Tuesday, March 27, 2012

Justice for Ian Tomlinson : A trial is good, but not enough

 Just over two years ago, Ian Tomlinson was killed. Today it was announced that PC Simon Harwood will face trial for his manslaughter.

According to the Guardian:
The director of public prosecutions, Keir Starmer, had announced in July last year that he did not believe there was sufficient evidence for a prosecution due to complications relating to medical evidence.

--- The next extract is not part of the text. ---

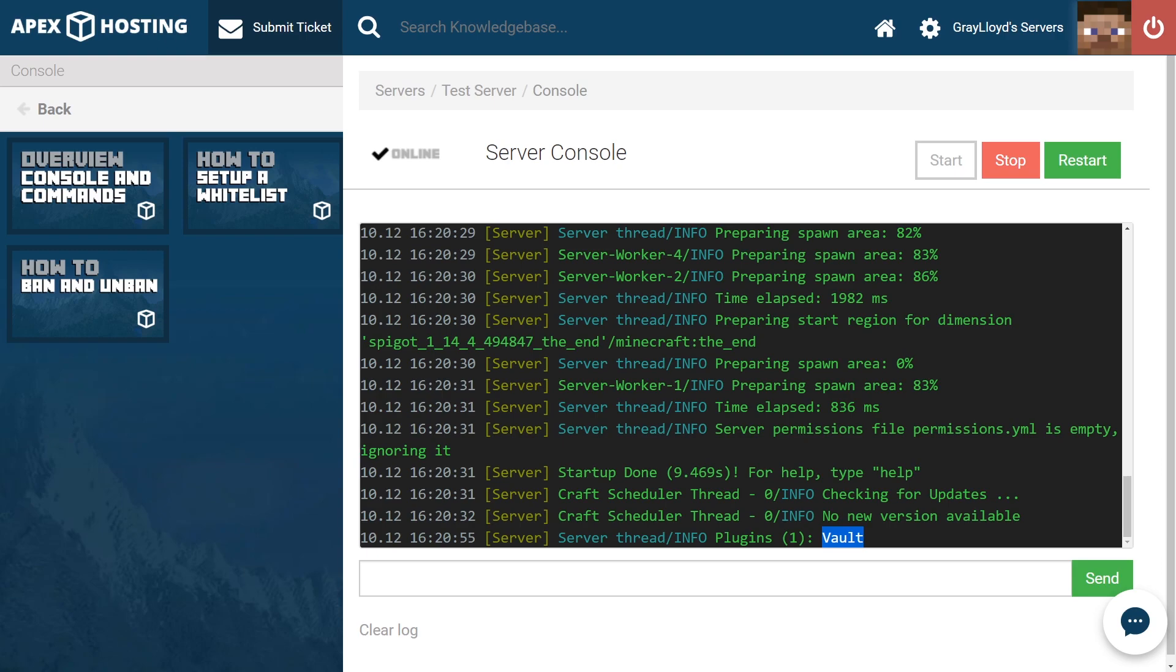Just a few of the plugins that use Vault are EssentialsX, PermissionsX, Lockperms, ShopGUI+, Citizens, and much, much more. It's always safe to install it just in case one of your plugins uses it.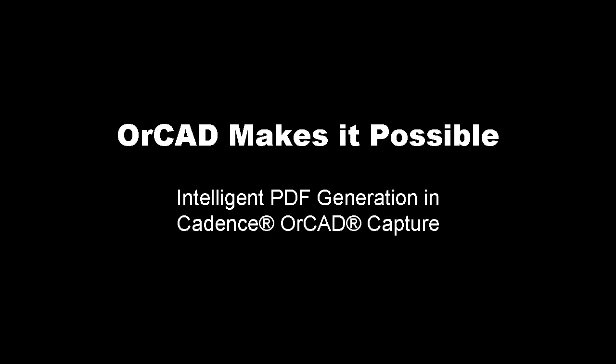However, the sheer size and complexity of today's designs requires intelligence to be added to the PDF generation process to enable effective review of the design. The latest ISR release of Cadence OrCAD Capture 16.3 provides the ability to generate intelligent, searchable PDFs, allowing OrCAD to make it possible to effectively and securely share design data with your organization and design partners.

However, he said in a statement today that new information had emerged during the inquest and, while difficulties remained, he now believed there was sufficient evidence to bring criminal proceedings.
This is positive, and raises the prospect of Ian Tomlinson's family finally getting justice. There are, however, wider issues that need addressing.

For as long as deaths at the hands of the police are seen as a simply the work of 'bad apples', adequately responded to by the prosecution of individual officers, the wider picture will remain ignored. The truth is that there is a systematic and structural tendency for the police to adopt an attitude of hostility, easily spilling over into physical violence, towards certain sections of the public. Demonstrators are a case in point. And the normalised aggression towards the G20 protestors in April 2009 no doubt contributed to the circumstances of Ian Tomlinson's death, even though he was not himself protesting. Members of minority ethnic communities are another group over-represented amongst the victims of police violence, years after the MacPherson report.

Unless this issue is tackled, there will be many more Ian Tomlinsons.